Unless you live in Oklahoma and follow the local news, or else read conservative blogs, you probably wouldn’t know anything about Joel Hinrichs, the University of Oklahoma student who almost surely tried to carry off a mass suicide-murder at an OU football game. Whether Hinrichs had converted to Islam is apparently in dispute, but he had at least one roommate from Pakistan and ties to the local Muslim community. It’s been reported that jihadist literature was found when his apartment was searched, along with bomb-making materials, although none of this is yet certain. I assume that Hinrichs was, at most, a “free-lance Islamic terrorist,” like the D.C. snipers of three years ago, not an al Qaeda operative.

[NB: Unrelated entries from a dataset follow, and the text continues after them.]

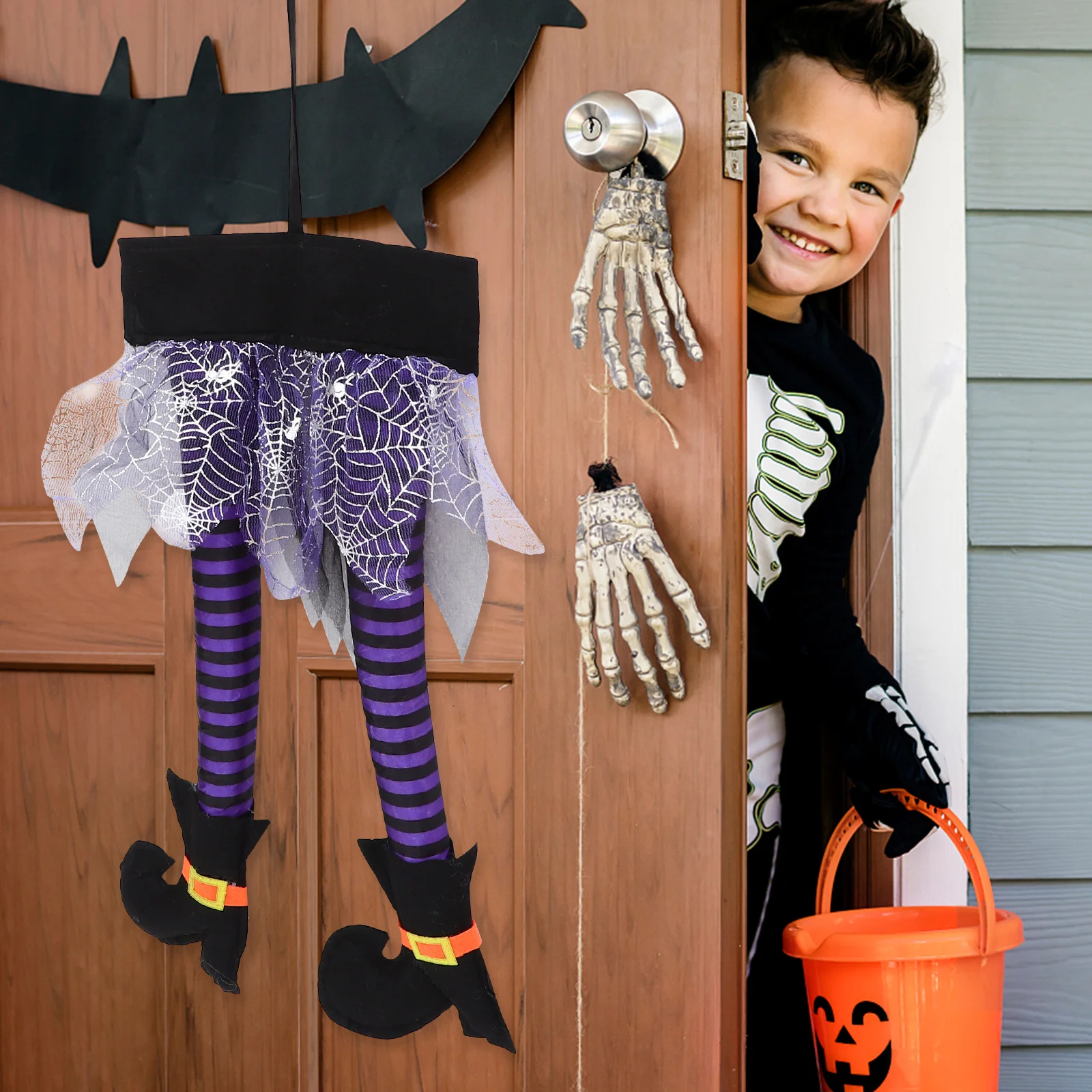 

2pcs Witch Leg Hanging Pendant Halloween Decor Cloth Hanging Adornment For Home Party Scene Festival Decoration Lightweight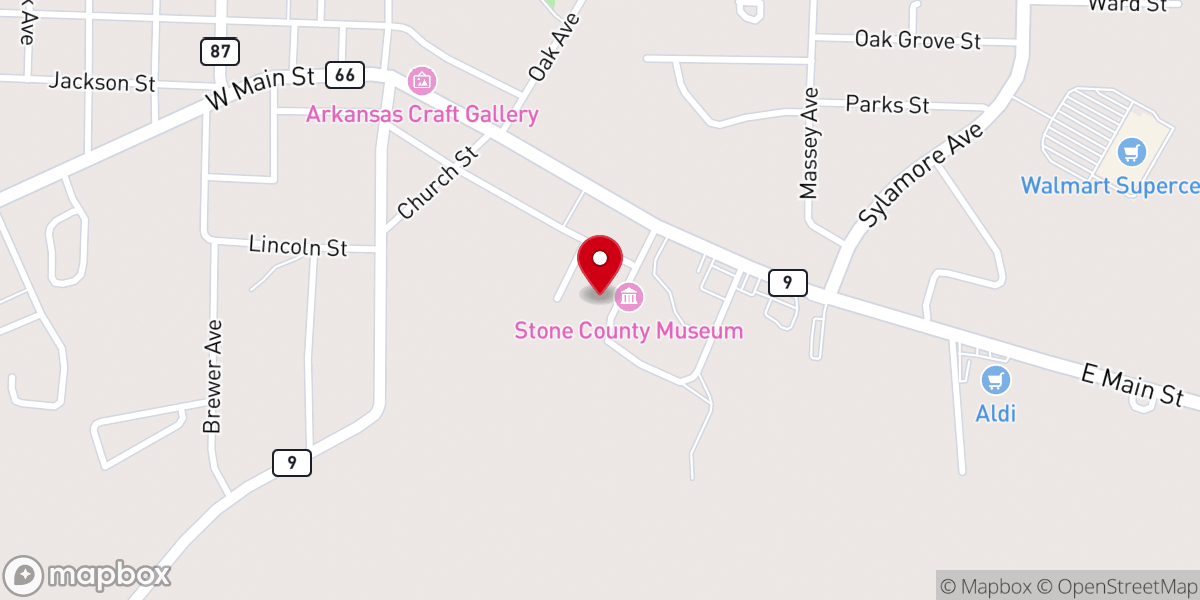Map showing location of School Avenue Church of Christ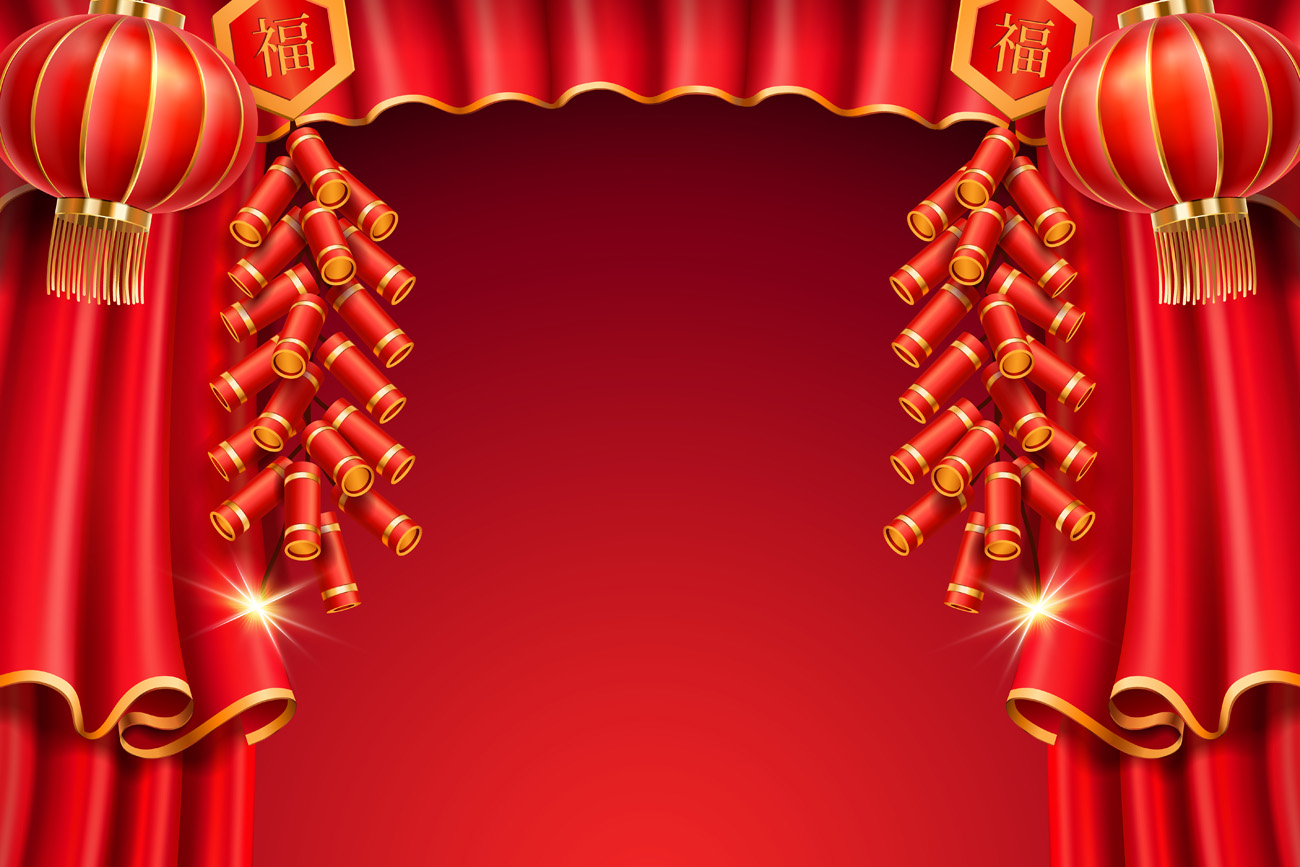 东方中国日式传统经典新年节日窗帘烟花鞭炮装饰元素矢量素材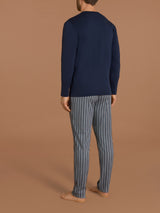 Pigiama girocollo in interlock di cotone Blu Uomo - Ragno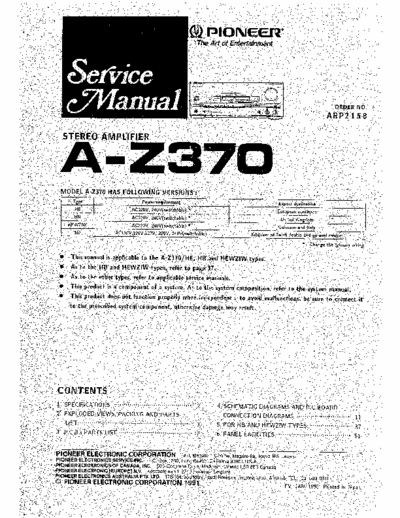 Pioneer AZ370 integrated amplifier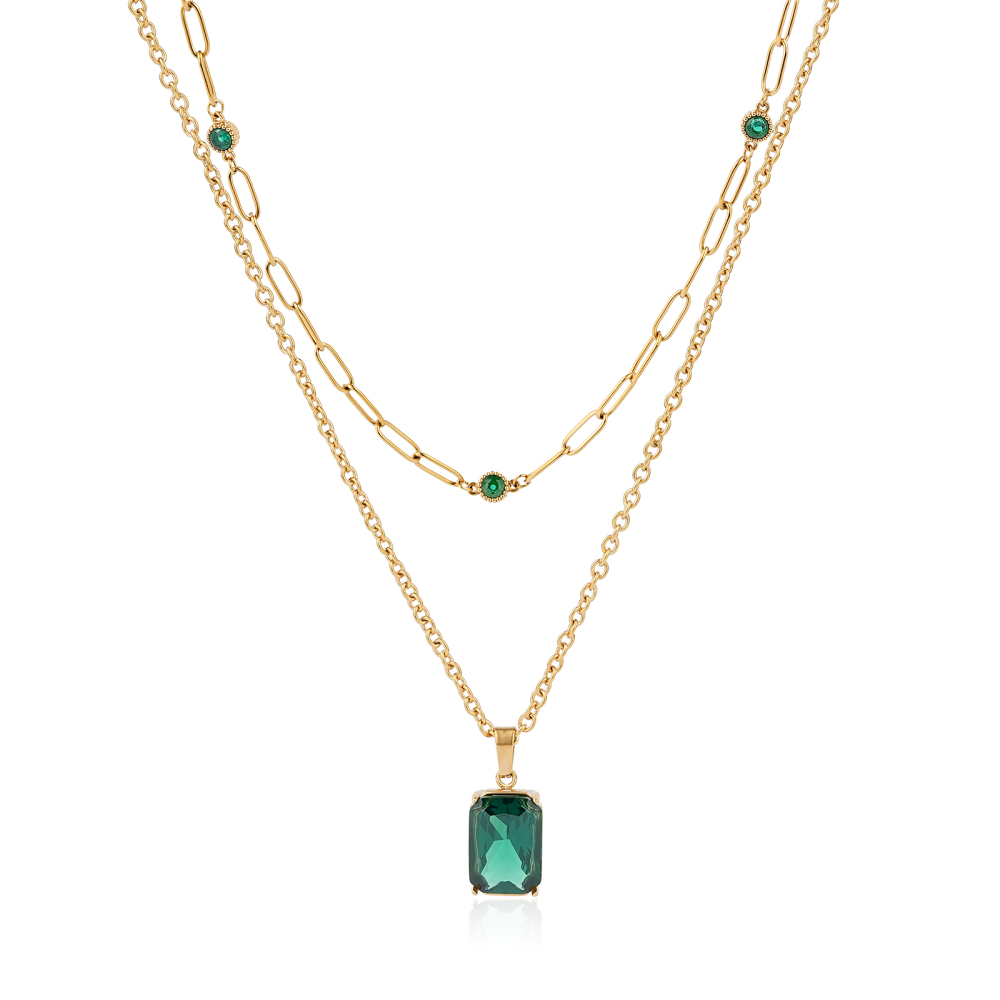 Double Layer Cubic Zirconia Pendant with OT Buckle Necklace Collection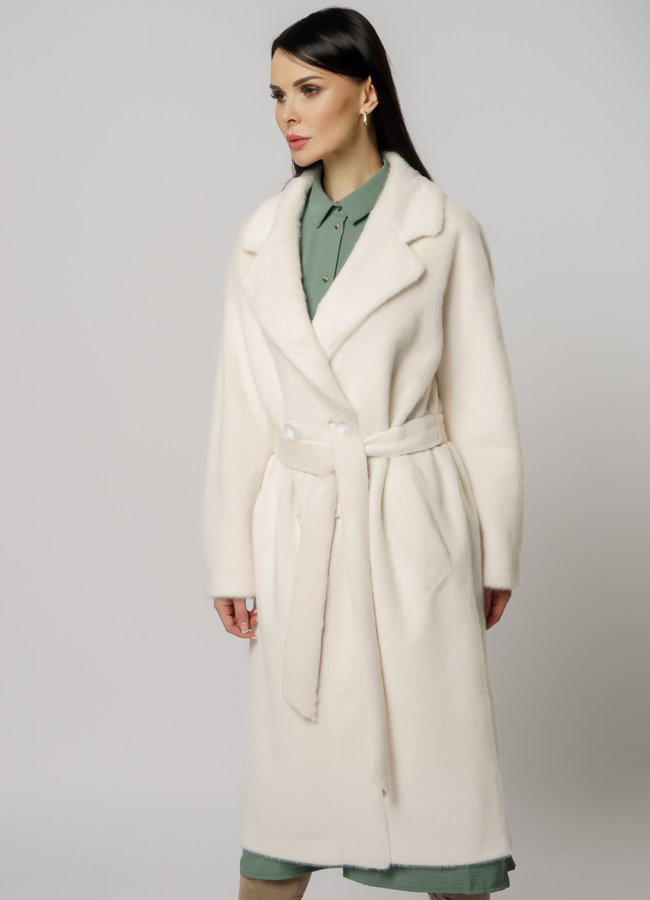 Утепленное двубортное пальто модель № 18304 в рассрочку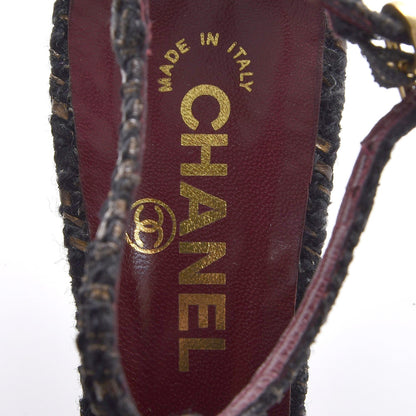 Chanel Tweed Lambskin Cap Toe T-Strap Pumps 39 Brown 7 of 8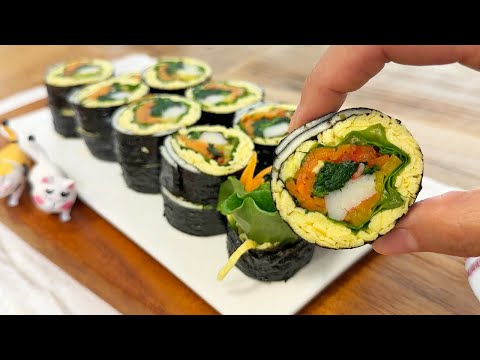 먹어도 먹어도 살이 쭉쭉 빠져요! 밥 없는 김밥! 다이어트에는 키토 김밥이 최고!!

Still, it’s hard to understand why the major media are so determined to ignore the Oklahoma story. Even CBS’s Public Eye is beginning to wonder: “Is Lack Of Big Media Coverage Of Oklahoma Explosion OK?” Well, I don’t think so. It’s hard to avoid the sense that this is another case where media organizations are protecting the public from troublesome information for the public’s own presumed good. It’s interesting, too, that this attitude isn’t limited to the national media. The Oklahoma Daily, as quoted by CBS, is mostly concerned that, while “people should perceive the unfounded news broadcasts as the liars, … that doesn’t always happen.”
Of course, some of the news reports are certainly not “unfounded.” For instance, Dustin Ellison, proprietor of Ellison Feed and Seed in Norman, has said publicly that Hinrichs tried to buy a quantity of ammonium nitrate fertilizer from his store, but Ellison turned him down because “something didn’t feel right.” It seems clear that both major media and the local university paper are trying to act as gatekeepers, preventing the public at large from needlessly becoming concerned–and maybe suspicious of Muslims–because of the Oklahoma incident.
Somehow, this sort of news suppression never gets mentioned when media figures lecture us about the benefits of a free press.